About this task -
Every record below must come back exactly as written, with the images dropped.

Records for this exercise -
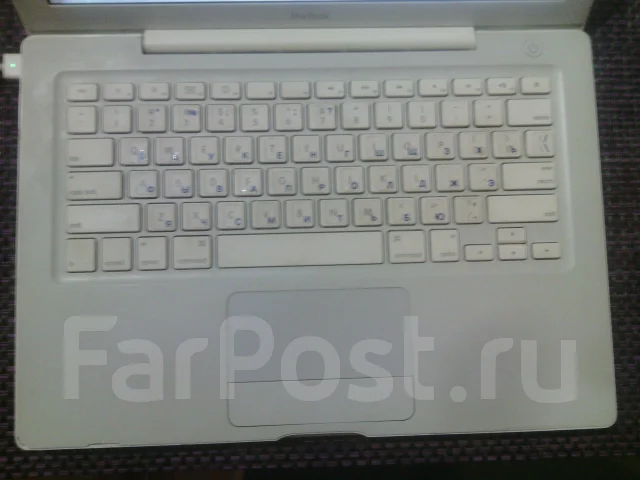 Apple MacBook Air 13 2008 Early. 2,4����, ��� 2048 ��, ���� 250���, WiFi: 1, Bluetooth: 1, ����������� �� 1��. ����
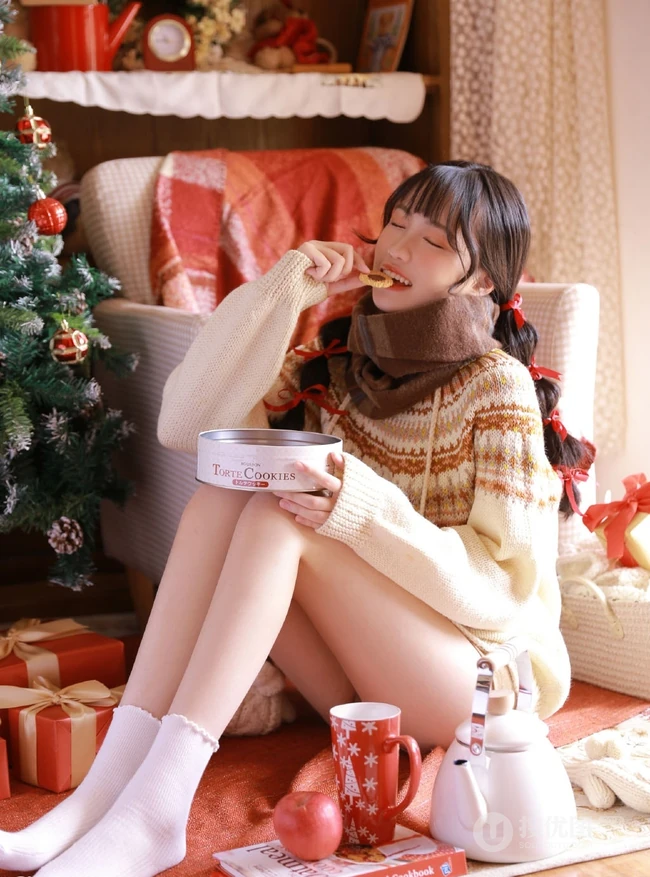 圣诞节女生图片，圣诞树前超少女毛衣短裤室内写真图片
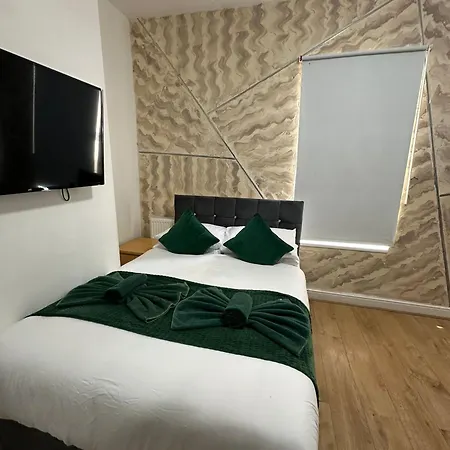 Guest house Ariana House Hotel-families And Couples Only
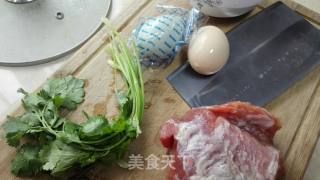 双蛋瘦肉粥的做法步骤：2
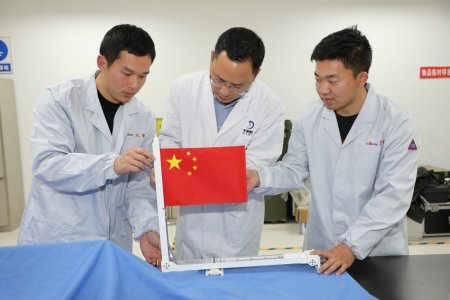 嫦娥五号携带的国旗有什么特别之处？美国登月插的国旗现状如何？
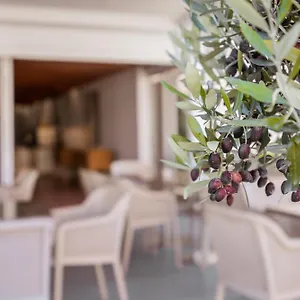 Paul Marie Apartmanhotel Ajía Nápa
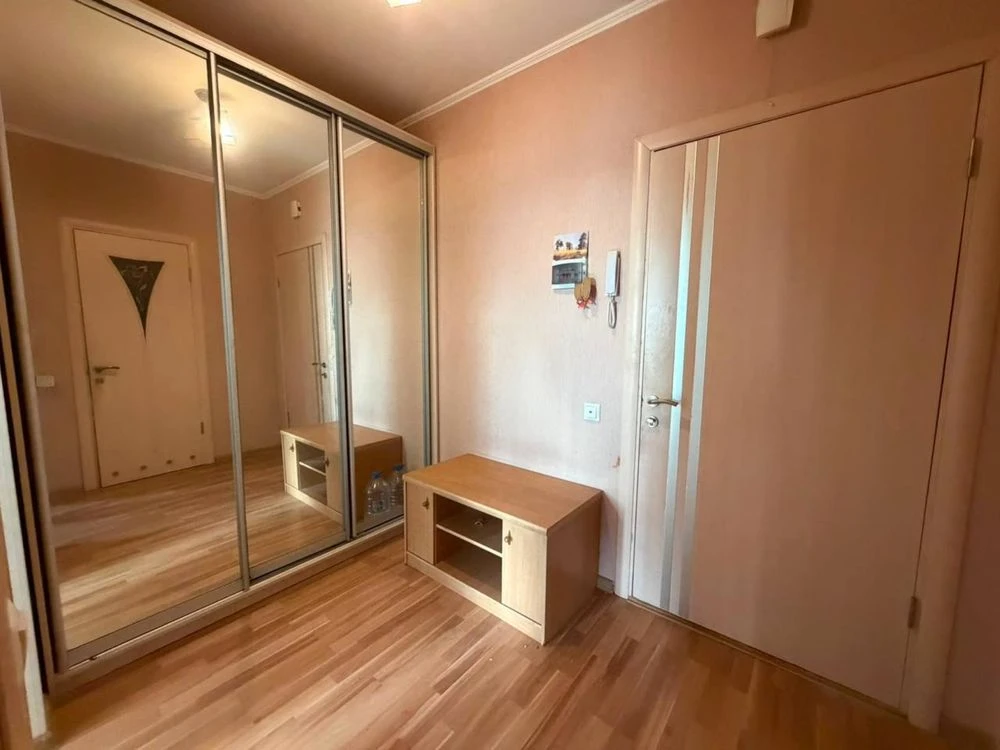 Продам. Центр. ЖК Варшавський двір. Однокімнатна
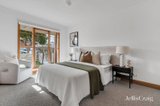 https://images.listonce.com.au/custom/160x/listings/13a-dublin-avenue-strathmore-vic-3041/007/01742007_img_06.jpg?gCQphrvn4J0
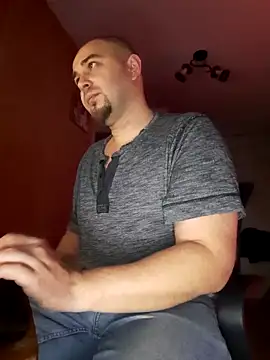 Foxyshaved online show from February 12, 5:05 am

Written reply -
 Apple MacBook Air 13 2008 Early. 2,4����, ��� 2048 ��, ���� 250���, WiFi: 1, Bluetooth: 1, ����������� �� 1��. ����
 圣诞节女生图片，圣诞树前超少女毛衣短裤室内写真图片
 Guest house Ariana House Hotel-families And Couples Only
 双蛋瘦肉粥的做法步骤：2
 嫦娥五号携带的国旗有什么特别之处？美国登月插的国旗现状如何？
 Paul Marie Apartmanhotel Ajía Nápa
 Продам. Центр. ЖК Варшавський двір. Однокімнатна
 https://images.listonce.com.au/custom/160x/listings/13a-dublin-avenue-strathmore-vic-3041/007/01742007_img_06.jpg?gCQphrvn4J0
 Foxyshaved online show from February 12, 5:05 am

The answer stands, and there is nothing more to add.